Ronald Reagan, speech at Moscow State University (excerpt)

In 1988, after the introduction of Perestrojka but before the fall of the Sovjet Union, the president of United States of America, Ronald Reagan, gives a speech at the Moscow State University. One decade before the internet becomes accessible to the average citizen, the former Hollywood Cowboy addresses the need for a universal embracing of what he calls the ”new economy”.

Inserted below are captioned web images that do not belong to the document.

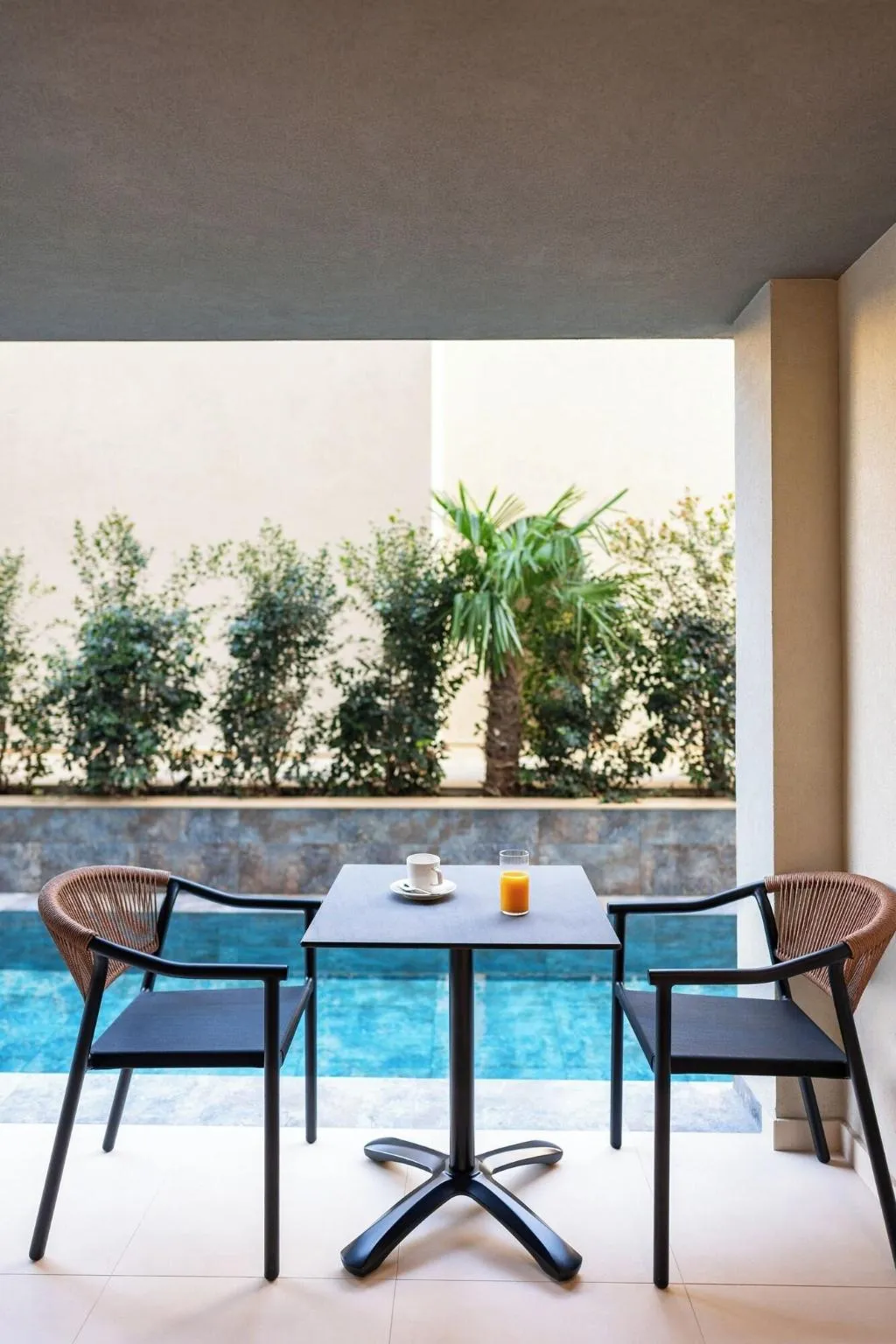 Room, Alizo Boutique Hotel & Spa  - Adults Only, Rhodes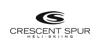 Crescent Spur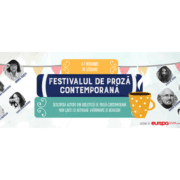 un-an-de-proză-contemporană-română-la-editura-litera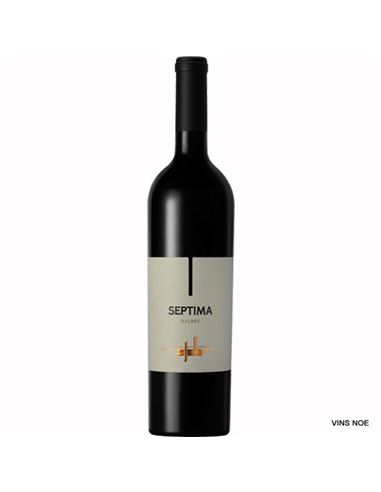 Septima Malbec - SEPTIMA_MALBEC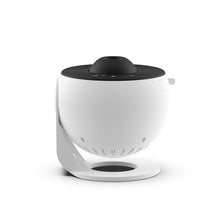 Load image into Gallery viewer, AstroVerse™ - Galaxy Night Projector
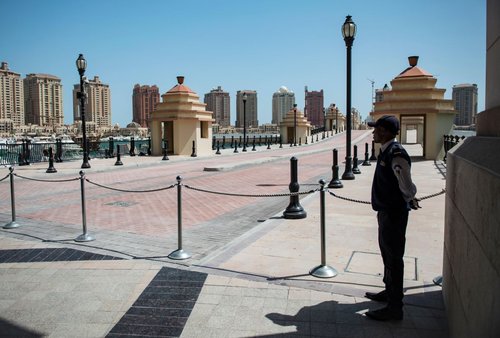 Qatar_pic_4lTOVJm.JPG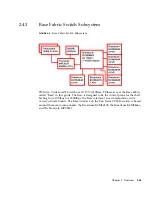 Preview for 63 page of Sun Microsystems Sun Netra CP3240 Installation Manual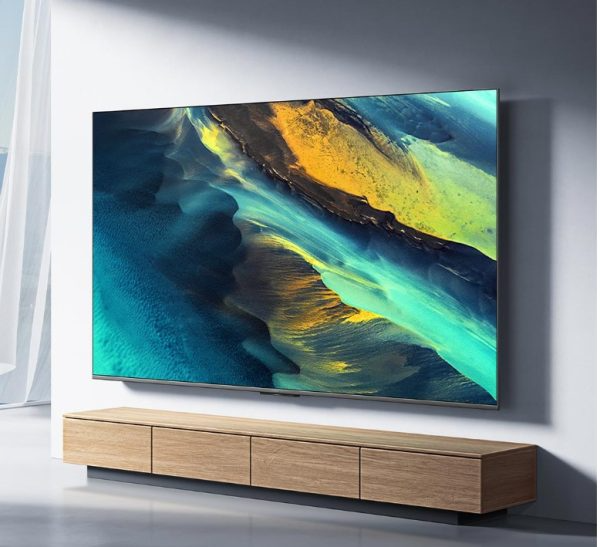 tivi-redmi-a-pro-75-120hz-ram-3-64gb-2025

Standing here before a mural of the Soviet revolution, I want to talk about a very different revolution that is taking place right now, quietly sweeping the globe without bloodshed or conflict. Its effects are peaceful, but they will fundamentally alter our world, shatter old assumptions, and reshape our lives. It’s easy to underestimate because it’s not accompanied by banners or fanfare. It’s been called the technological or information revolution, and as its emblem, one might take the tiny silicon chip.

Information technology is transforming our lives – replacing manual labor with robots, forecasting weather for farmers, or mapping the genetic code of DNA for medical researchers. These microcomputers today aid the design of everything from houses to cars to spacecraft; they even design better and faster computers. Linked by a network of satellites and fiber-optic cables, one individual with a computer and a telephone commands resources unavailable to the largest governments just a few years ago.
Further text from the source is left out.